Amendment, Modification and Termination of the Stock Plan
The Stock Plan will remain in effect, subject to the Board
of Director's right to terminate the Stock Plan earlier, until
all Common Stock subject to it has been purchased or acquired
pursuant to the provisions of the Stock Plan. Notwithstanding the
foregoing, no option or Restricted Stock may be granted under the
Stock Plan on or after December 30, 2004.
The Board of Directors may at any time terminate, and from
time to time may amend or modify, the Stock Plan, provided,
however, that no such action of the Board, without approval of
the stockholders, may:
(a) Increase the total amount of Common Stock which
may be issued under the Stock Plan, except in certain
circumstances.
(b) Materially increase the cost of the Stock Plan
or materially increase the benefits to participants in
the Stock Plan.
(c) Extend the period during which options or
Restricted Stock may be granted.
(d) Extend the maximum period after the date of
grant during which options may be exercised.
(e) Change the class of individuals eligible to
receive options or Restricted Stock.
Any amendment which requires stockholder approval in order for
the Stock Plan to continue to comply with Rule 16b-3 of the
Exchange Act or any other law, regulation or stock exchange
requirement will not be effective unless approved by the
requisite vote of stockholders.
Certain Tax Considerations
All options that do not qualify for federal income tax
purposes as ISOs will be considered NSOs. Under the Code, the
recipient of an NSO does not recognize taxable income upon the
grant of the option so long as the option does not have a readily
ascertainable fair market value. Instead, the option holder
generally recognizes ordinary income at the time the option is
exercised in an amount equal to the difference between the fair
market value of the shares on the date of exercise and the
purchase price. However, if the stock received upon exercise is
not transferable and is subject to a substantial risk of
forfeiture, the recipient will not recognize income until either
the stock becomes transferable or the substantial risk of
forfeiture expires. The income recognized at such time will
generally equal the fair market value of the stock at that time
less the amount paid for the stock. The Company is required to
withhold federal and state taxes, if applicable, attributable to
the amount recognized by the employee in the year the income is
recognized by the employee.

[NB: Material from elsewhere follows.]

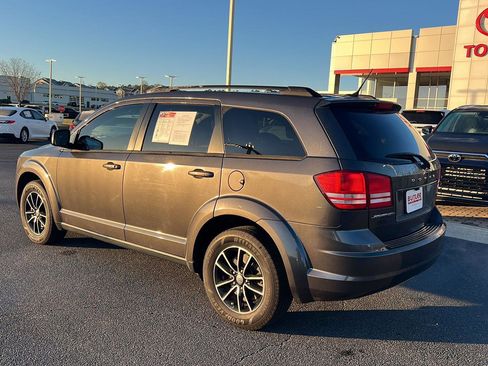 Used 2018 Dodge Journey SE w/ Blacktop Package image 4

The Company will be entitled to a
tax deduction in the same year and in the same amount as the
taxable income recognized by the employee. The tax basis of
shares purchased by the optionee will generally be equal to the
purchase price plus any gain recognized at date of exercise. The
amount of any gain or loss realized on a subsequent sale of the
stock will be calculated by reference to the seller's tax basis.

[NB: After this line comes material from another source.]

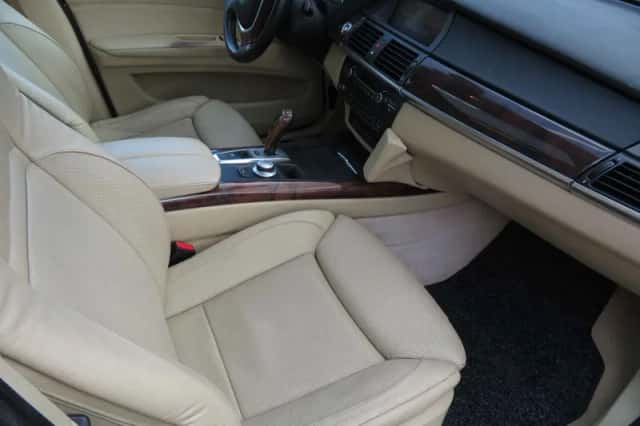 BMW X5 (2007) thumbnail 3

The recipient of an ISO does not recognize taxable income
upon the grant of the option or upon the exercise of the option,
and the Company is not entitled to a deduction either upon grant
or exercise of the ISO. Upon the sale or exchange of the shares
received from the exercise of an ISO, if at least two years after
the grant of the option and one year after receipt of the shares
by the optionee, any gain will be treated as long-term capital
gain. If these holding periods are not satisfied, the optionee
will recognize ordinary income, generally measured as the
difference between the exercise price and the lower of the fair
market value of the stock on the date the option is exercised or
the sale price of the stock. The Company will be entitled to a
deduction in the same amount as the ordinary income recognized by
the optionee. Any gain recognized on such a premature
disposition of the shares in excess of the amount treated as
ordinary income will be characterized as a long-term or short-
term capital gain, depending on the optionee's holding period for
the optioned stock.
Other
Notwithstanding anything contained in the Stock Plan or any
agreement to the contrary, if the disposition of shares of Common
Stock acquired pursuant to the Stock Plan is not covered by a
current registration statement under the Securities Act, and is
not otherwise exempt from such registration, such shares of
Common Stock will be restricted against transfer to the extent
required by the Securities Act and Rule 144 or other regulations
thereunder.
As of the date of this Proxy Statement, 652,500 options, all
of them NSOs, are outstanding under the Stock Plan. See
"Approval of Compensation of Certain Executives" for a
description of options issued under the Stock Plan to the Chief
Executive Officer and certain other executives. As of April 27,
1995, the last reported sale price of the Company's Series A
Common Stock on the Nasdaq National Market was $9.375.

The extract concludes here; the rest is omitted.